On July 1, 1920, appellant insured the life of Reuben B. Pitts under a ten-year term policy for $10,000, or $20,000 in the event that his death should result from accident. On July 30, 1925, this policy was converted into an ordinary life policy, with like provision for double indemnity in case of death by accident, and with provision for payment of disability benefit of $100.00 per month if the insured should become disabled before age sixty. As so converted, its annual premium was $405.20, of which $10.00 was stated to be for the double indemnity coverage and $28.20 for the disability coverage, with the provision that after the insured should reach the age of sixty years the premiums to become due would be reduced by the amount of the premium charged for the disability coverage. It excluded the double indemnity coverage in case of death resulting from certain causes, among them "engaging, as a passenger or otherwise, in submarine or aeronautic operations."
On January 27, 1933, pursuant to application by the insured and the beneficiary, the double indemnity provision was amended by endorsement reading as follows:
"In accordance with the request of the insured, the double indemnity benefit is hereby modified to permit the double indemnity provision to apply if the insured's death occurs as the result of riding as a fare-paying passenger in a licensed passenger aircraft provided by an incorporated passenger carrier and operated by a licensed pilot on a regular passenger route between definitely established airports.
"It is also understood and agreed that the entire provisions for double indemnity as included in the policy will apply only if death occurs prior to the anniversary of the policy on which the insured's age at nearest birthday is 65.
"Any premium due on and after the anniversary on which the age of the insured at nearest birthday is 65 will be reduced by the amount of premium charged for the double indemnity benefit."

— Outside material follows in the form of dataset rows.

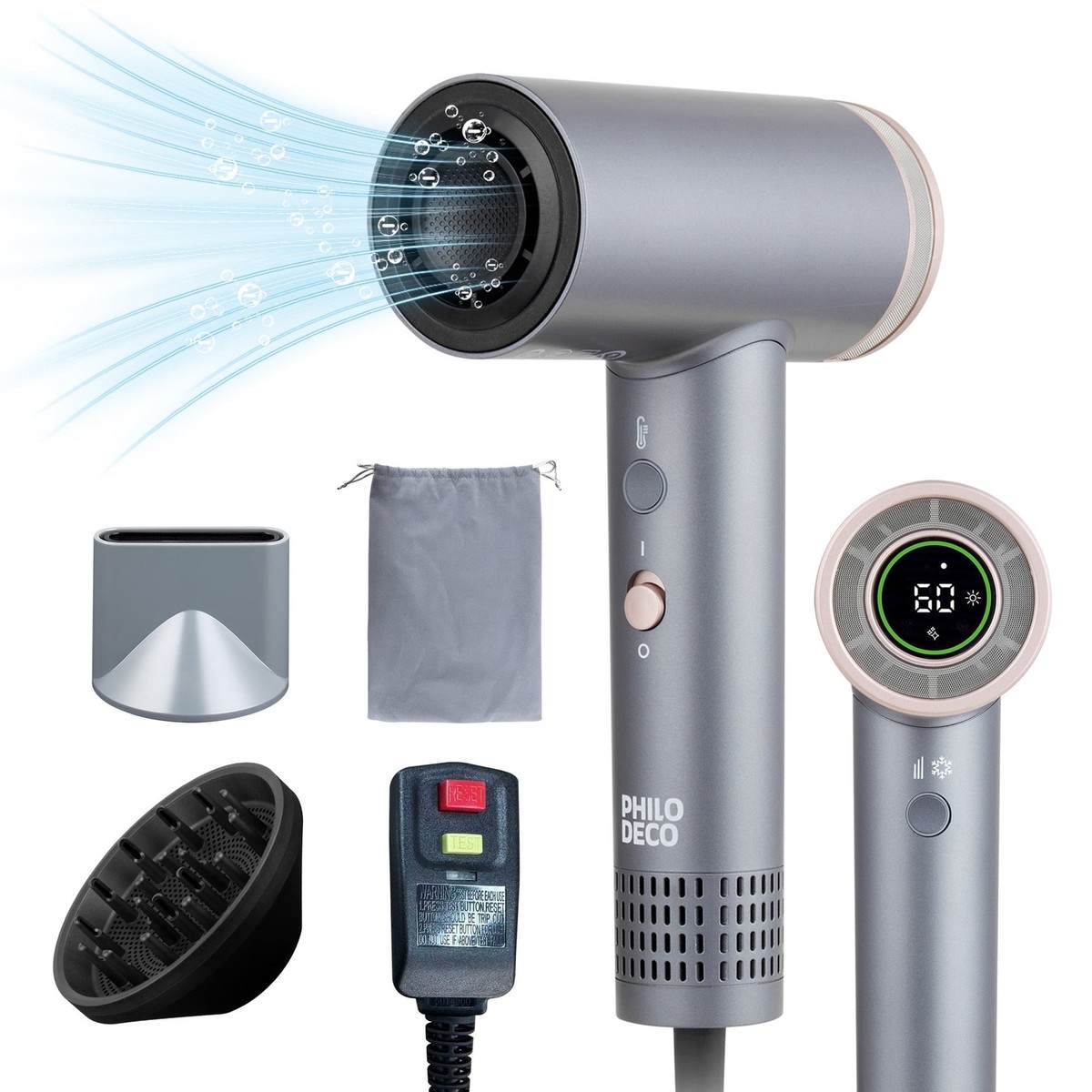 PhiloDeco YJ-710 Ionic Hair Dryer with 1400W High-Speed 110000RPM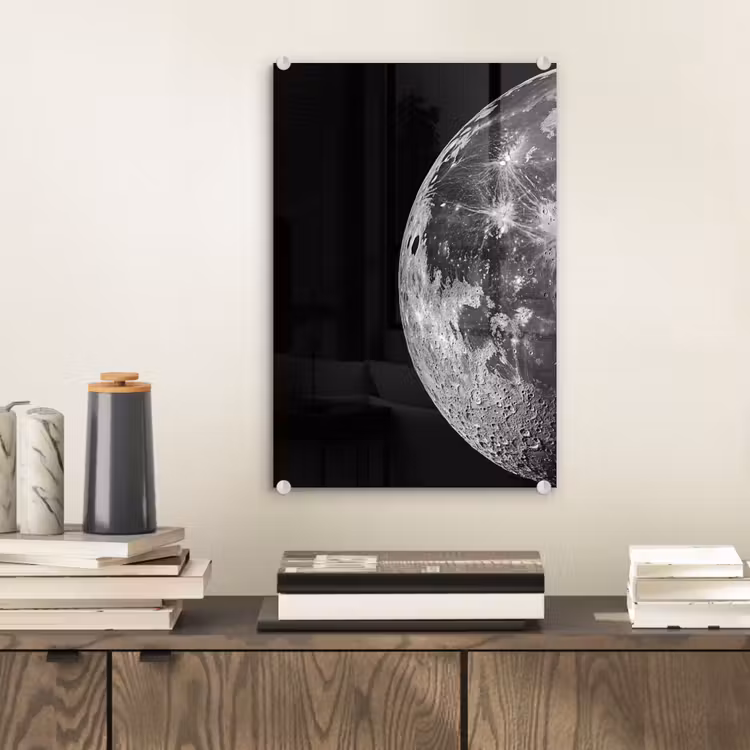Glas schilderij - Close-up - Maan - Wit - Textuur — 2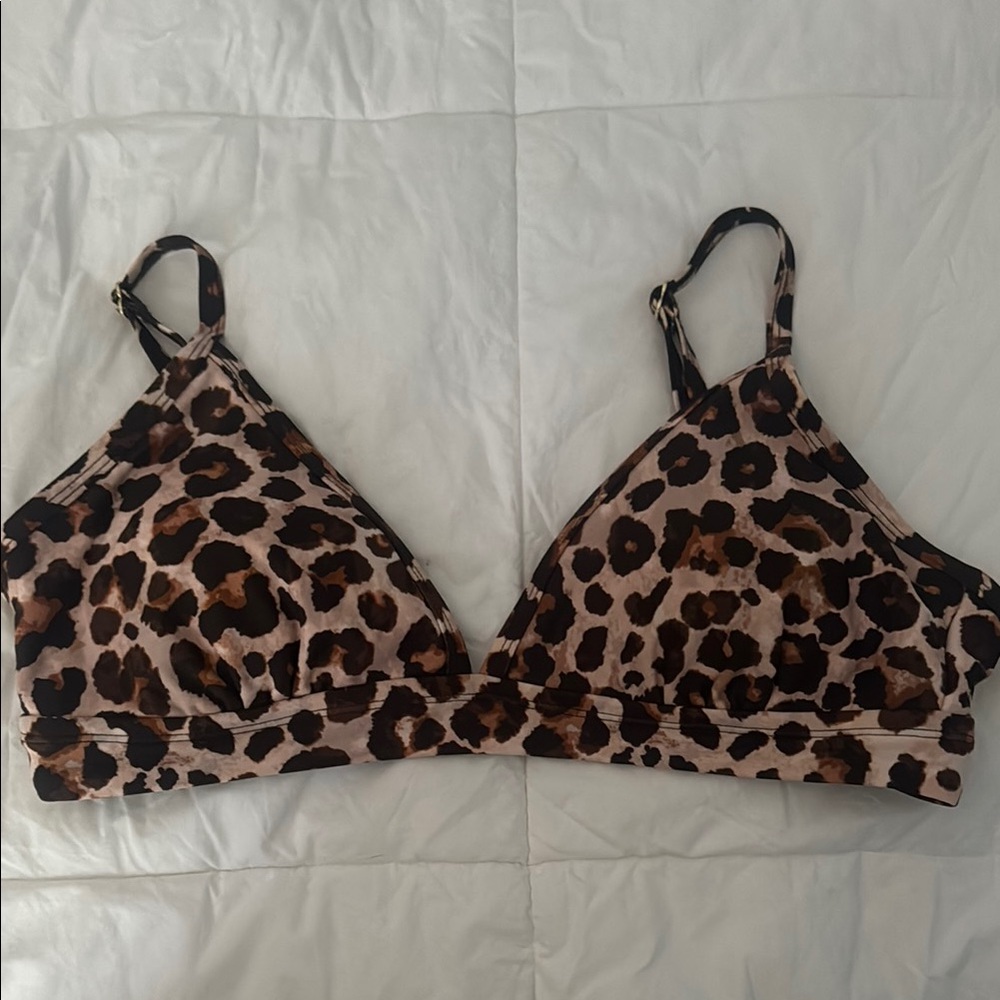 Kona Sol Leopard Print Bikini Top
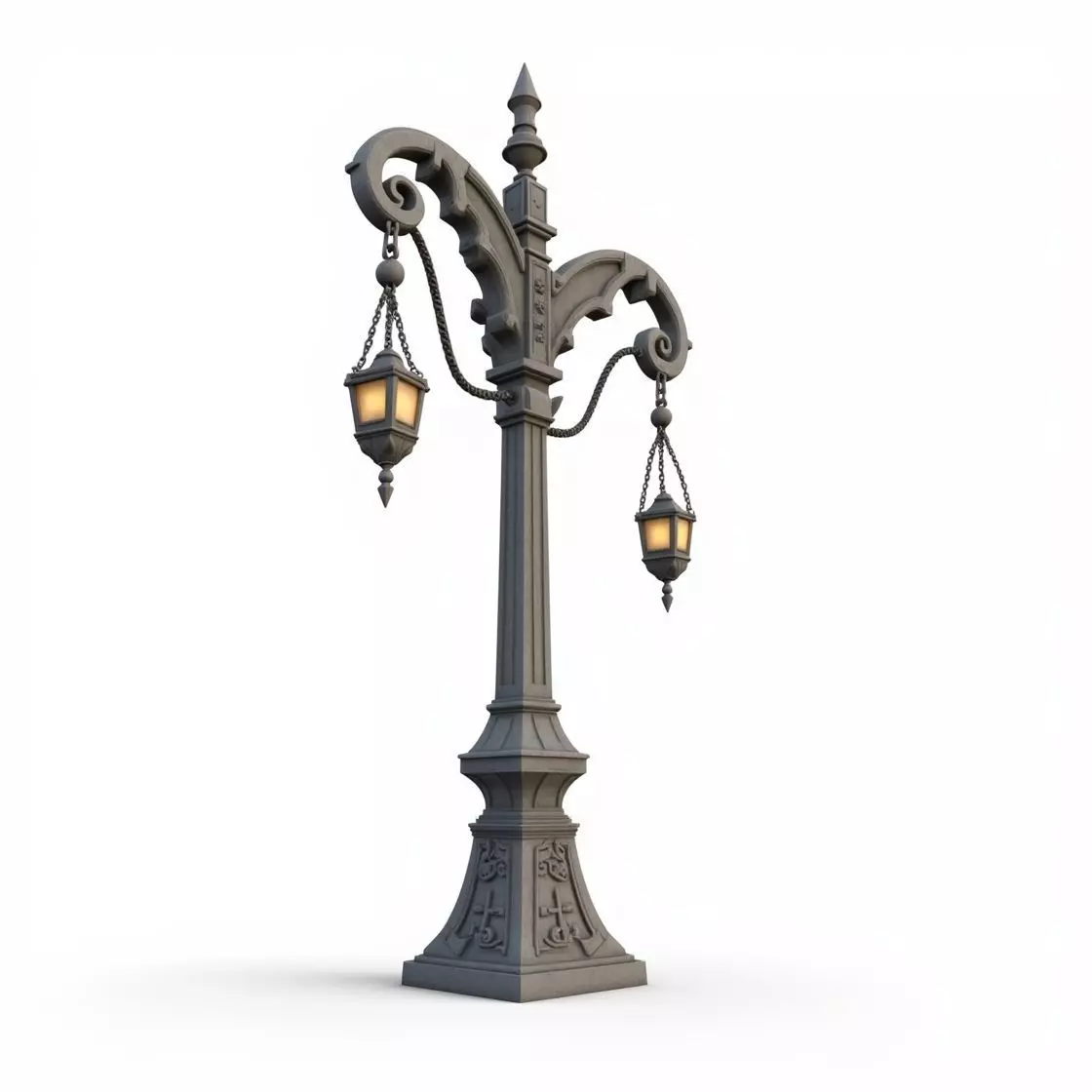 medieval street lamp 3D print model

In 1942, when the insured reached age sixty, appellant reduced the annual premium by $28.20, the amount charged for the disability coverage. The insured became sixty-five years of age in 1947, but in that year and each year thereafter appellant continued to bill him without reduction of the premium by the amount ($10.00) charged for the double indemnity benefit; and the insured continued to pay the premiums as thus billed until his death, at the age of eighty-one, on March 25, 1963.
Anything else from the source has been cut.